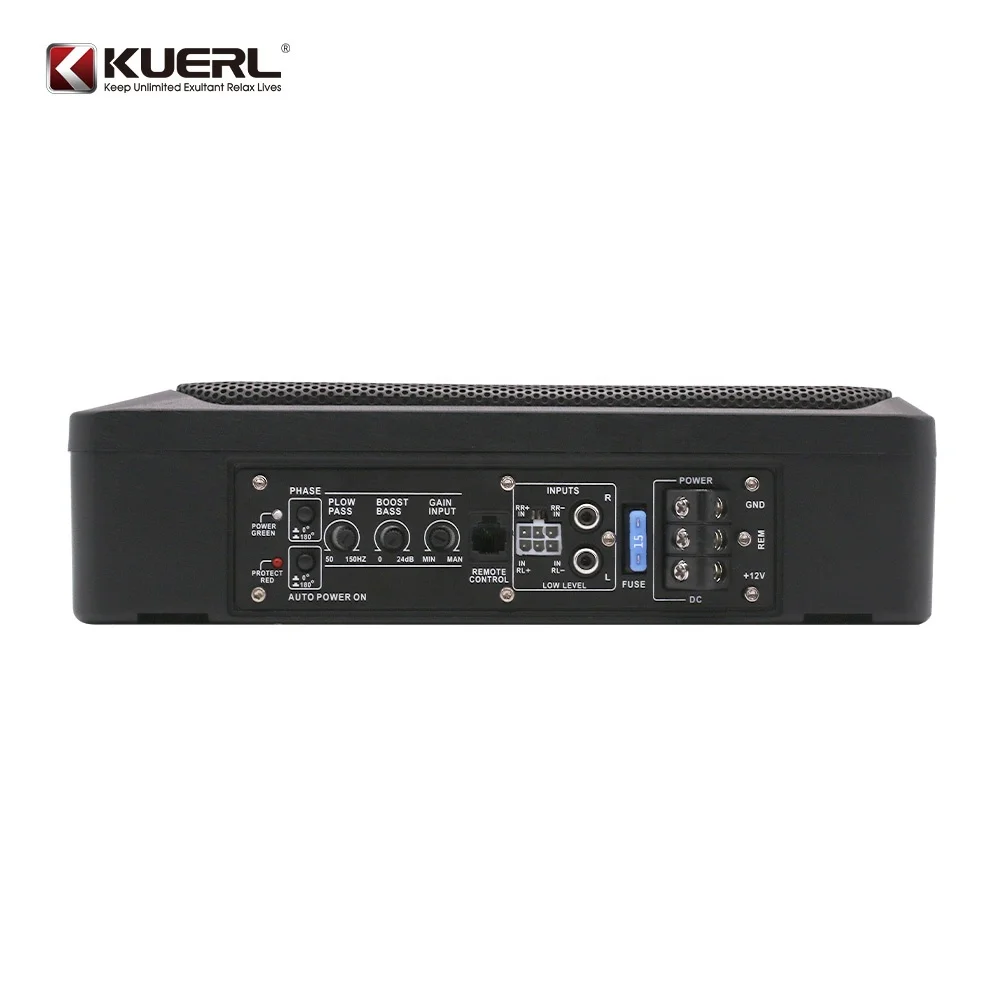 Kuer New Design 6*8" Car Audio Power Bass Auto Subwoofer Underseat Car Subwoofer With cable bag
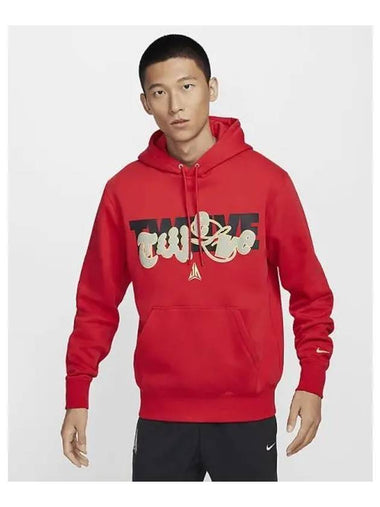 JA Men s Club Fleece Basketball Hoodie University Red Celestial Gold FZ1039 657 727017 - NIKE - BALAAN 1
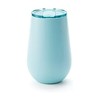 Rabbit Double Walled Stainless Steel Wine Tumbler, Includes Splash-Free Sliding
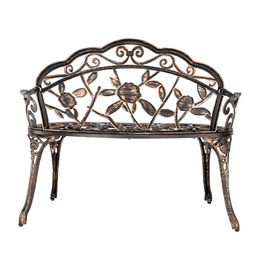 image-38.5" Cast Aluminum Outdoor Courtyard Decoration Park Leisure Rose Chair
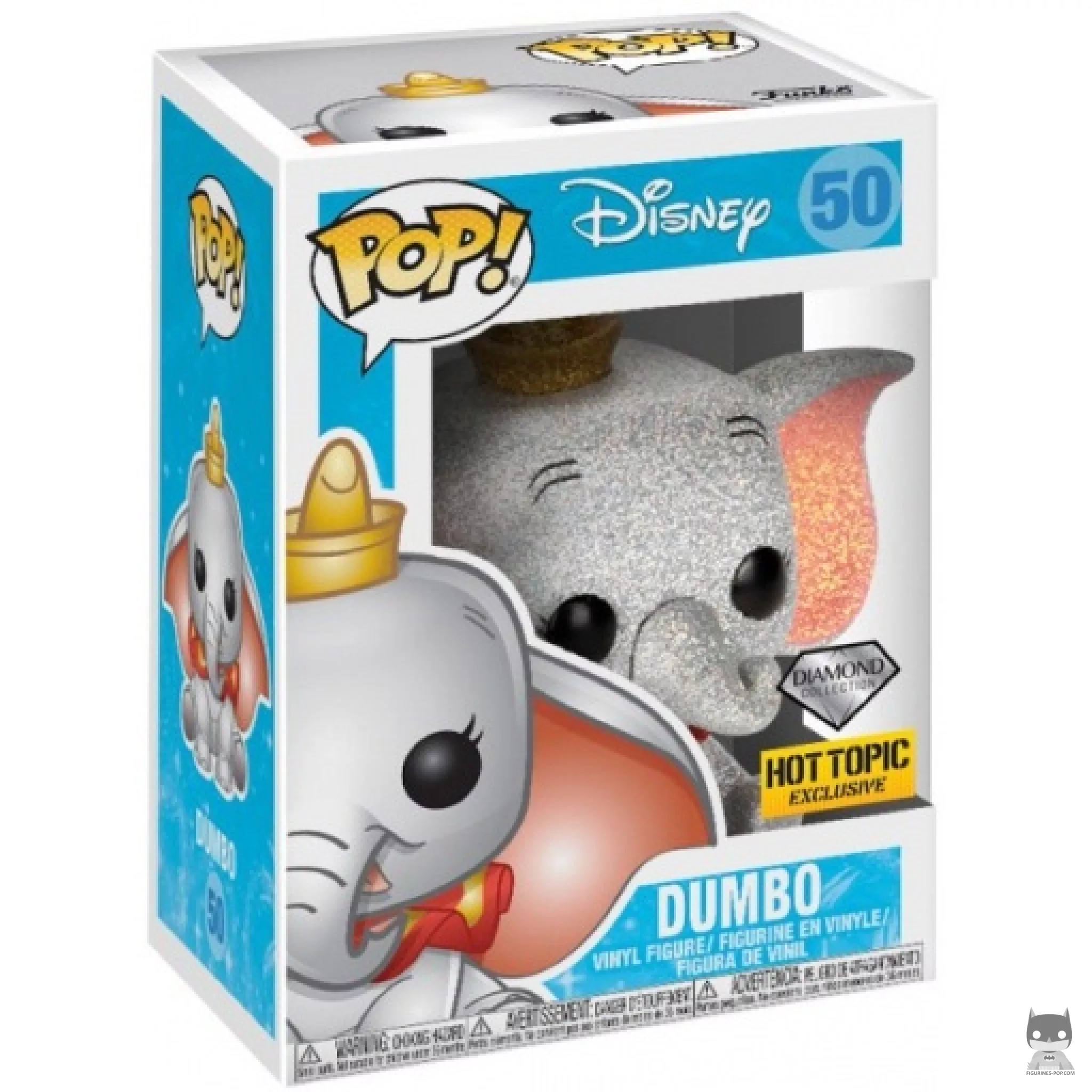 Figurine Funko POP Dumbo (Glitter) avec boîte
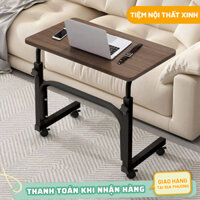 Bàn Học Di Động Thông Minh Bàn nâng hạ chiều cao có bộ bánh xe di chuyển, Bàn Để Laptop Điều Chỉnh Kích Thước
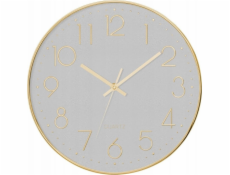 Atmosphera Tiché nástěnné hodiny do ložnice, hodiny s tichým mechanismem, červené, O 30 cm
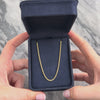 Vintage Italian 14k Yellow Gold 1.75mm Classic Stackable Spiga Chain - Video showing the piece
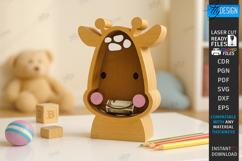 Personalized Piggy Bank Laser Cut Bundle|Animals Money Boxes Product Image 12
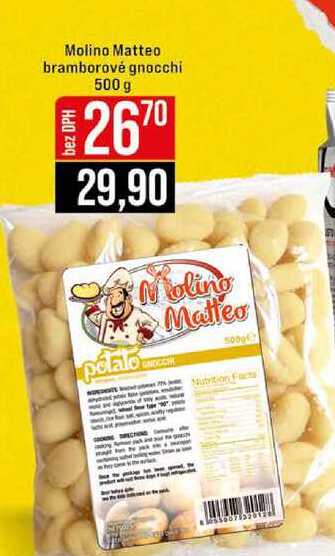 Molino Matteo bramborové gnocchi 500 g 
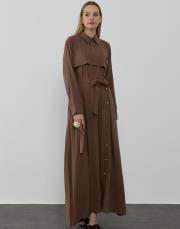 hilay new fanıy elbise kahve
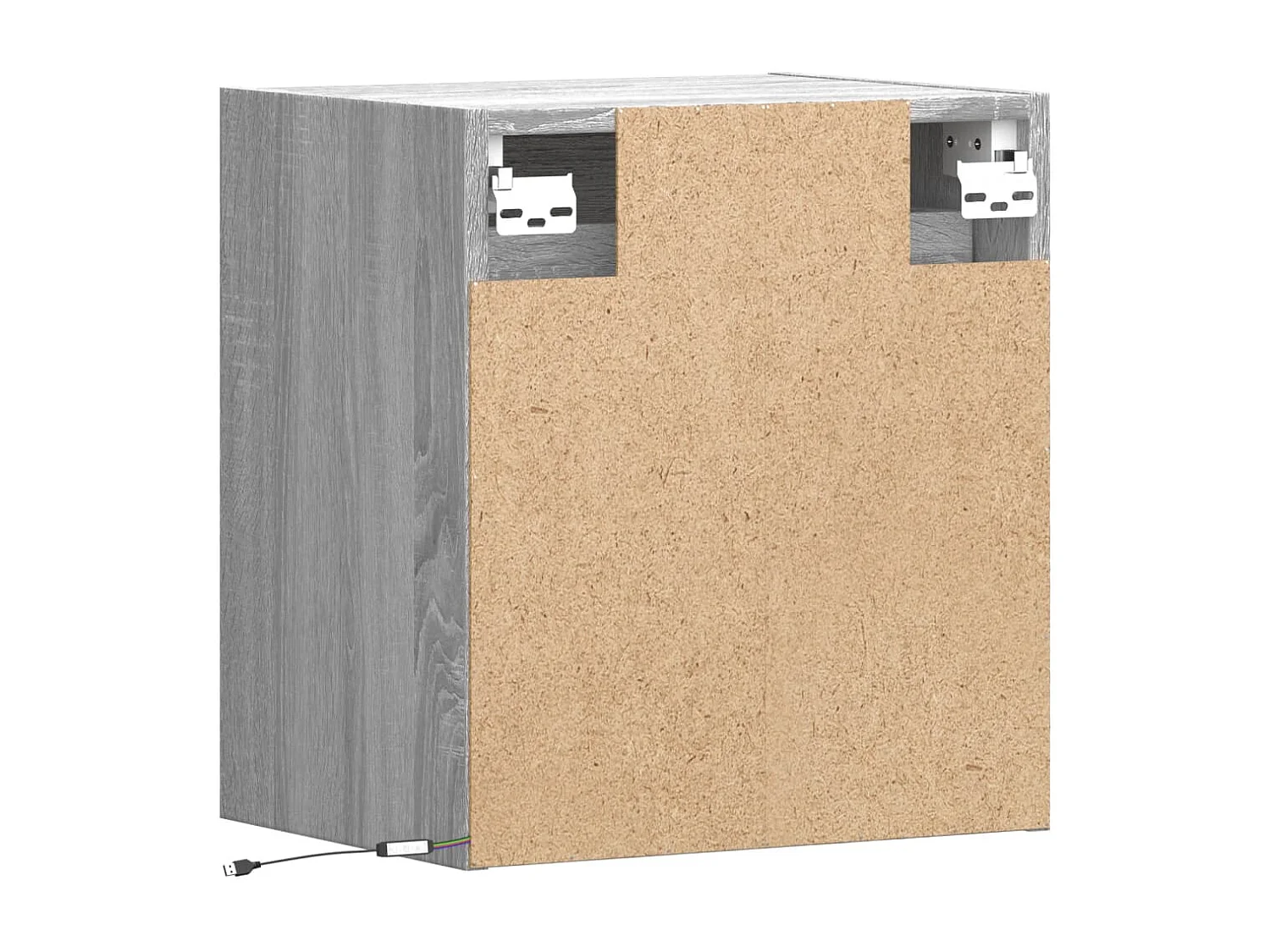 Meubles TV muraux et lumières LED 2 pcs sonoma gris 41x31x45 cm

::::

Required work: Reproduce exactly the lines above that run from the one with "Leisure Rose Chair" to the one with "Atmosphera Tiché nástěnné", both included, leaving pictures out.

The answer:
 image-38.5" Cast Aluminum Outdoor Courtyard Decoration Park Leisure Rose Chair
 Figurine Funko POP Dumbo (Glitter) avec boîte
 Bàn Học Di Động Thông Minh Bàn nâng hạ chiều cao có bộ bánh xe di chuyển, Bàn Để Laptop Điều Chỉnh Kích Thước
 Atmosphera Tiché nástěnné hodiny do ložnice, hodiny s tichým mechanismem, červené, O 30 cm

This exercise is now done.